Dataset excerpts
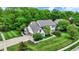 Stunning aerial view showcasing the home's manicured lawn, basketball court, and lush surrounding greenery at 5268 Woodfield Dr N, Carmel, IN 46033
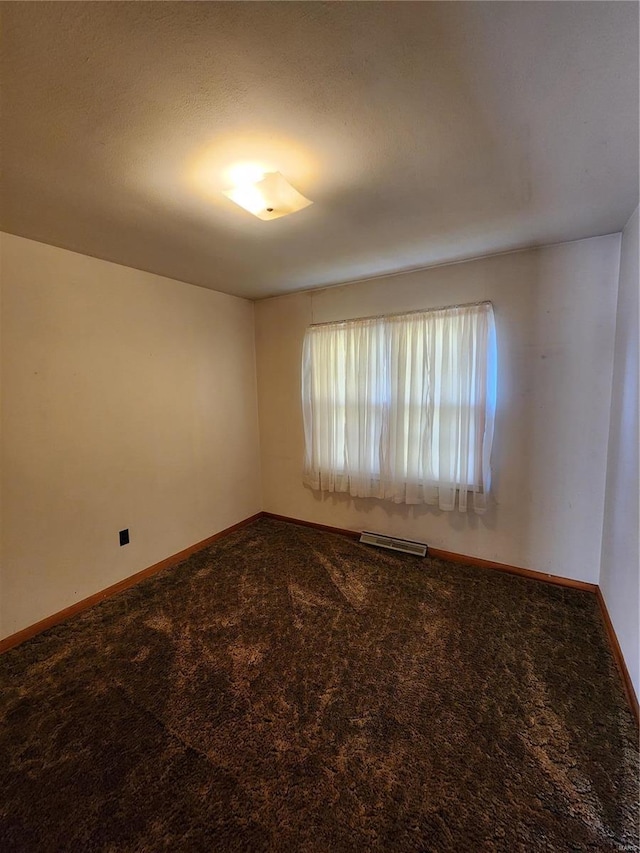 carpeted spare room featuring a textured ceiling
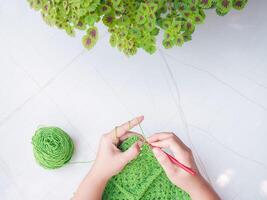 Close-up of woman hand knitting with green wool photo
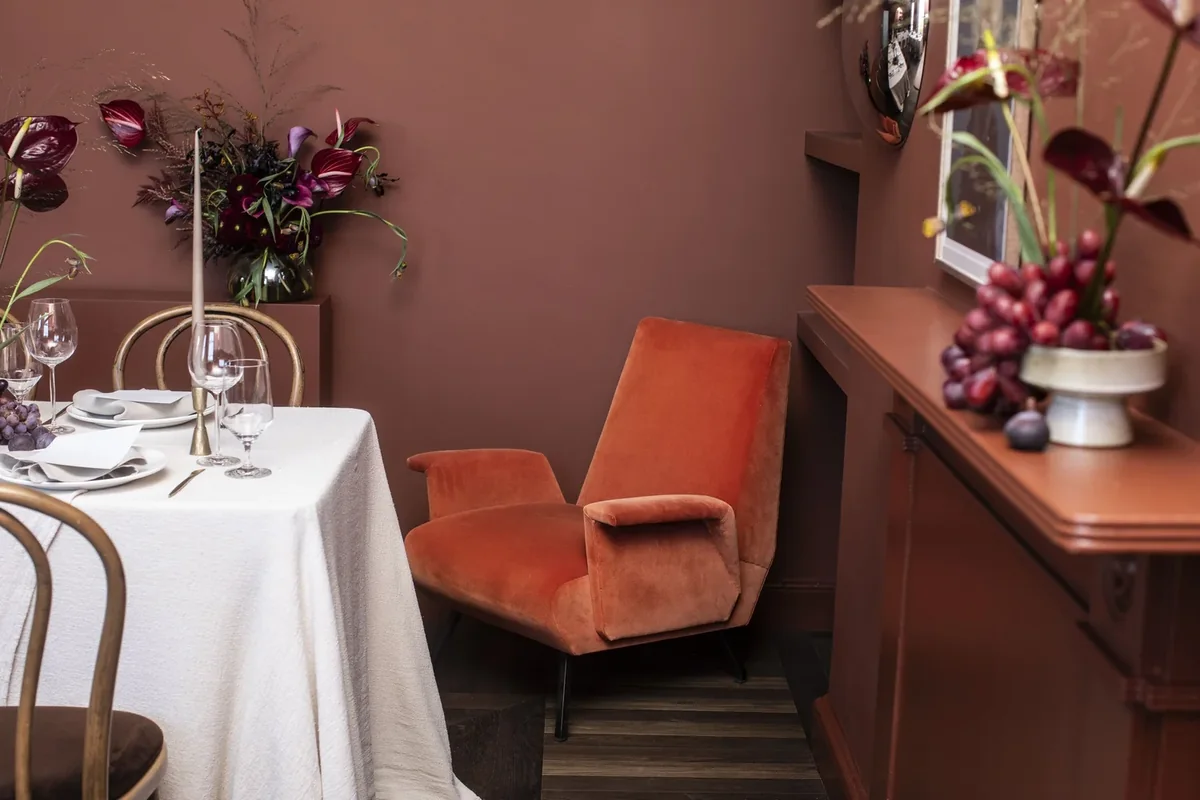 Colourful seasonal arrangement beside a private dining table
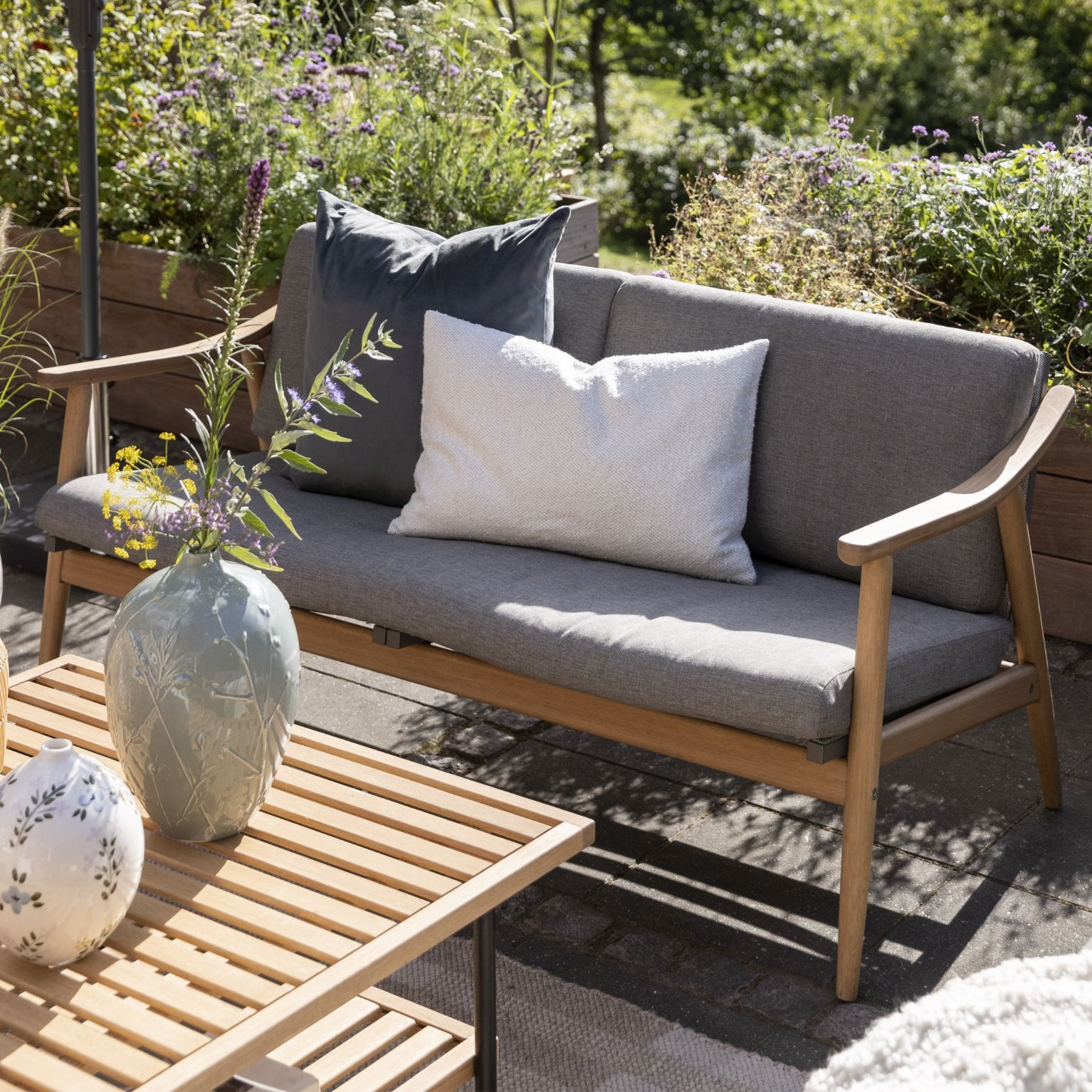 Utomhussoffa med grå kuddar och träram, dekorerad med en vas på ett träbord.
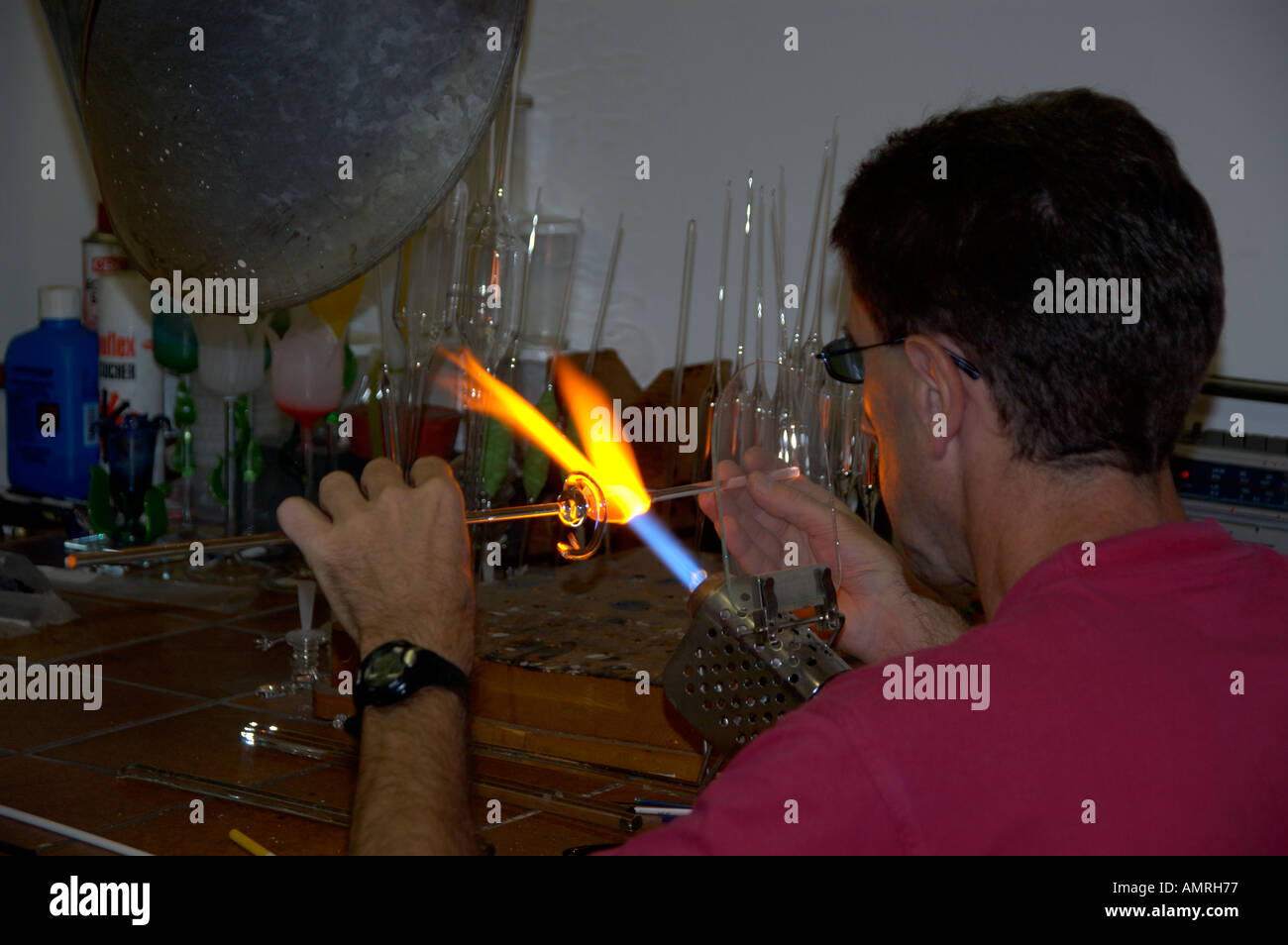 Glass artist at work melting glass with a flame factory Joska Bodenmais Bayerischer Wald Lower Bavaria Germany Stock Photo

--

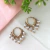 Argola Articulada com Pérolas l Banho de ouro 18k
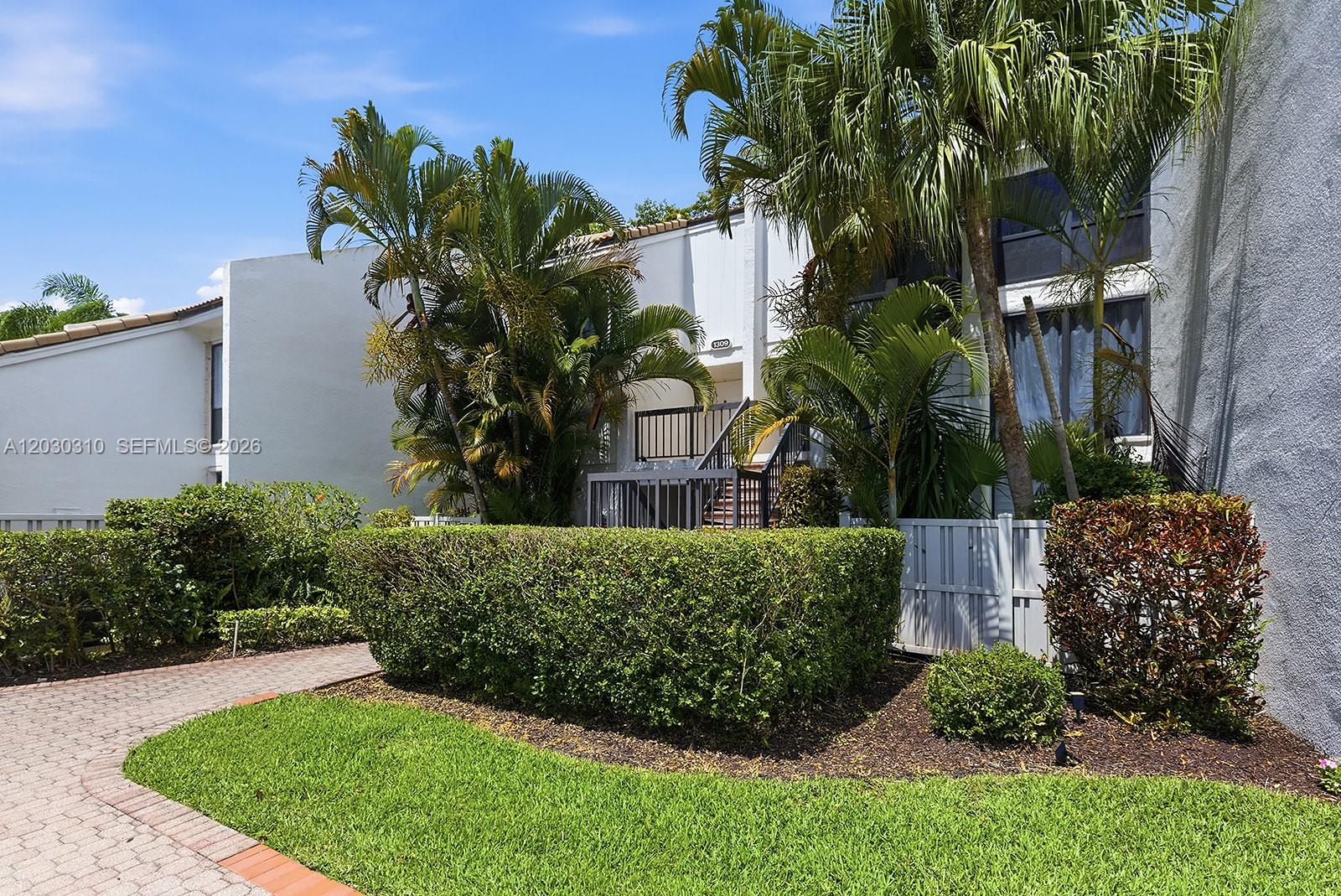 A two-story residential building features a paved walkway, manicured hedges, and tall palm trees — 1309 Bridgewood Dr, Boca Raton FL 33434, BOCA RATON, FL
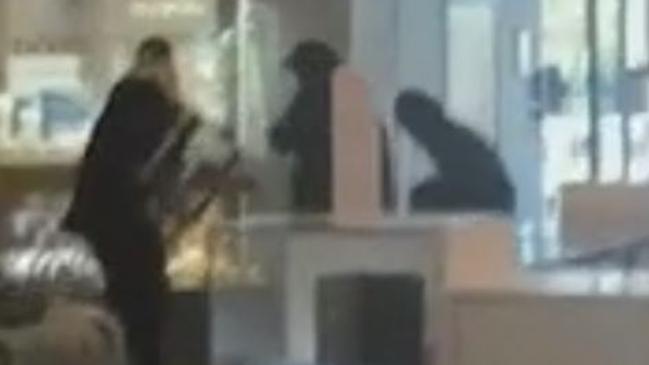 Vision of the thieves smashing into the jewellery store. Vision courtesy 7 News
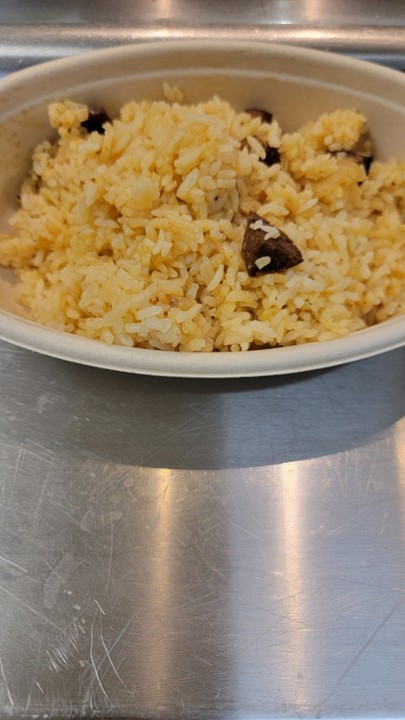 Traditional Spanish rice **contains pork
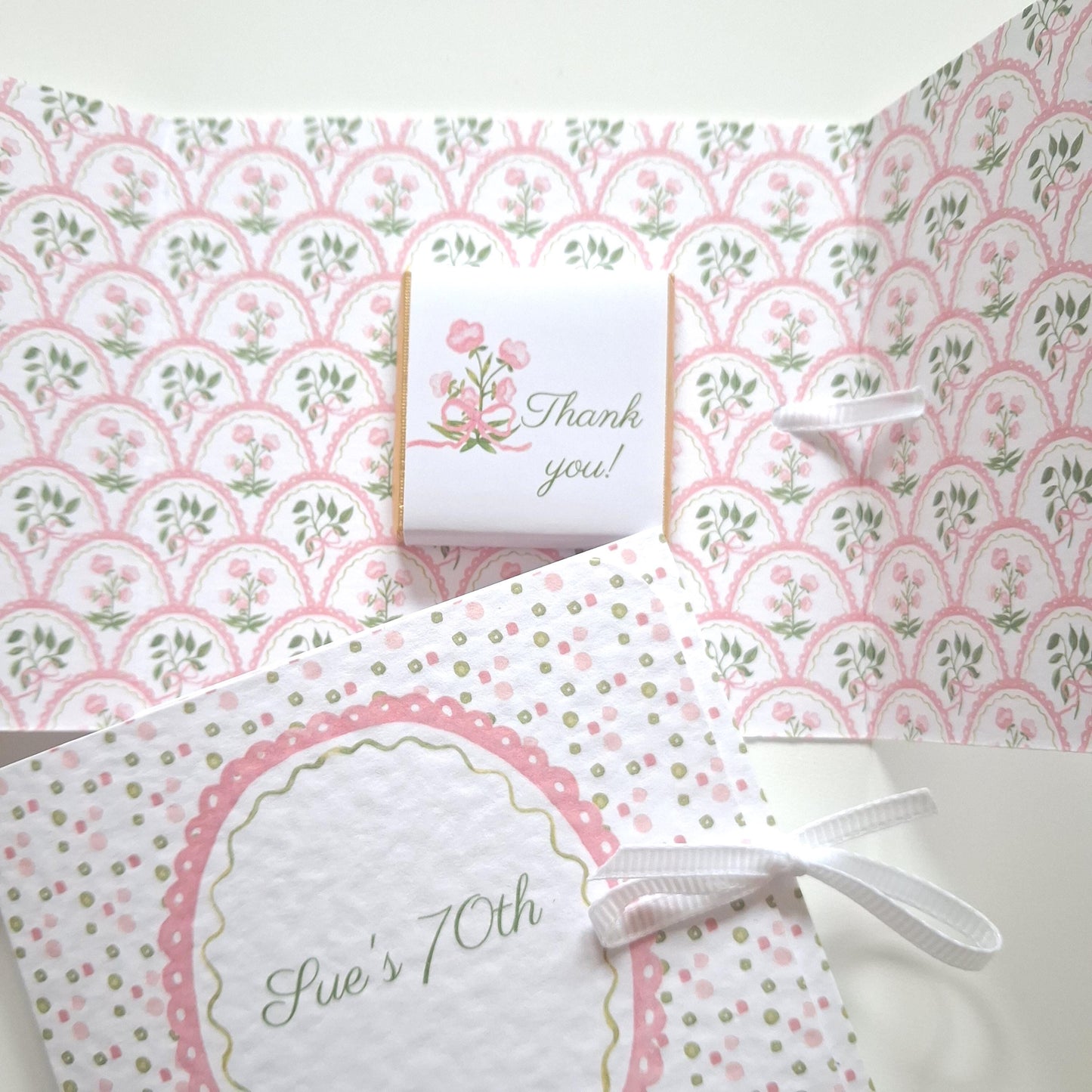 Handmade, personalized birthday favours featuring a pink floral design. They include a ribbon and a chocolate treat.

**WHAT YOU SHOULD DO:**
If a picture sits between the line containing "carpeted spare room" and the line containing "Utomhussoffa med grå", leave it out, and return the lines of that range above exactly, both ends included.

**EXERCISE ANSWER:**
 carpeted spare room featuring a textured ceiling
 Close-up of woman hand knitting with green wool photo
 Colourful seasonal arrangement beside a private dining table
 Utomhussoffa med grå kuddar och träram, dekorerad med en vas på ett träbord.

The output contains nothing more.